僕は安倍首相のことを軍国者だとは思っていない。しかし安倍首相の安保政策によって軍事行動に巻き込まれる可能性は高くなるのは確実ではないかと思う。日本の自衛隊の位置づけは世界的に見ても非常に特殊なので、他国の例をそのまま当てはめることはできない。それに憲法第九条との兼ね合いもある。

僕は安倍首相は信頼に足る男だと思っている。もちろん細かいことを言えば安倍首相のすることに批判もなくはない。しかし安倍首相を信じている。ただもし安倍首相が暴走気味になった時には民主党の岡田代表あたりが中心になって抑止しなければいけない。

ギリシャの金融危機

ギリシャの金融危機が最終局面に入りつつある。ギリシャのデフォルト(債務不履行)は現実的になりつつあるが、その先にはEU離脱というさらに大きな問題が待ち構えている。

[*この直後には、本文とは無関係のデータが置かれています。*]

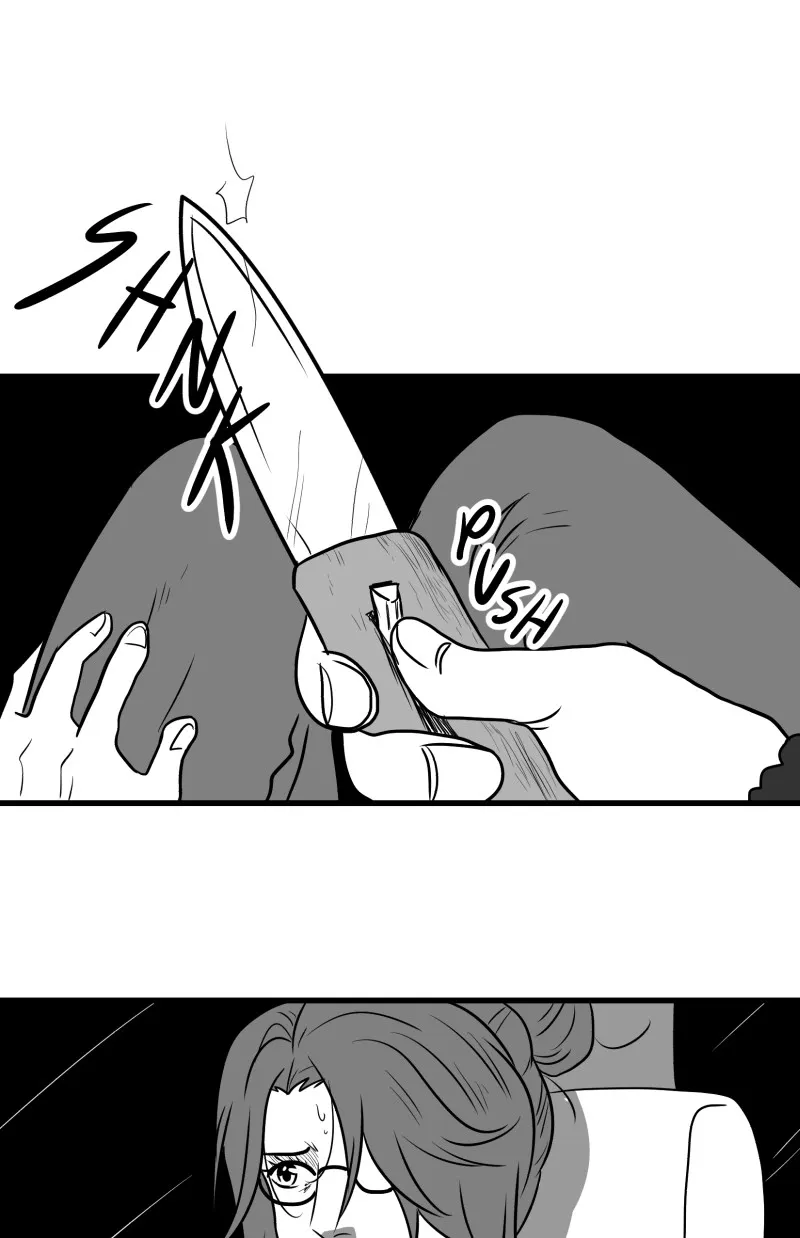 Bite Me Chapter 70 page 14 -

EU離脱の境目は通過をユーロから独自通貨に変えた時だ。ギリシャのEU内での経済規模はわずか2%弱だが、ギリシャのEU離脱がEU全体にもたらす影響はもちろん小さくない。特にヨーロッパ各政府はギリシャから大きな債務を買っている。これをユーロ建てにするか、新通貨建てにするかによっても影響を受ける国が変わってくる。

ギリシャの金融破綻状態の一番の原因は緊縮政策の失敗にある。もちろんその前に財政政策、特に公務員を中心とする問題などがあるが、金融政策の失敗は政治家の失敗という以上に国民が導いたという色が濃い。節約はしたくないという思いから一時しのぎの考えで緊縮反対政党を選び、破たんへと突き進んでいる。

ドイツなどはギリシャの財政破たんを防ぐべく最大限の支援をしてきた。しかしそれに対してギリシャが出した行動は、ドイツに第二次大戦のナチスに対する莫大な賠償金を請求するということだった。ここまでひどくないが、東アジアのどこかの国に似ている。

ギリシャの現状況を導いた芯を一言で言えば「国民性」ではないか。しかし国民性は教育によって大きく変わる。現在の日本の国民性を形作っているのは高度な義務教育であることは間違いない。ギリシャもまずは長期的観点から見て教育改革から始めることが重要なのではないかと思う。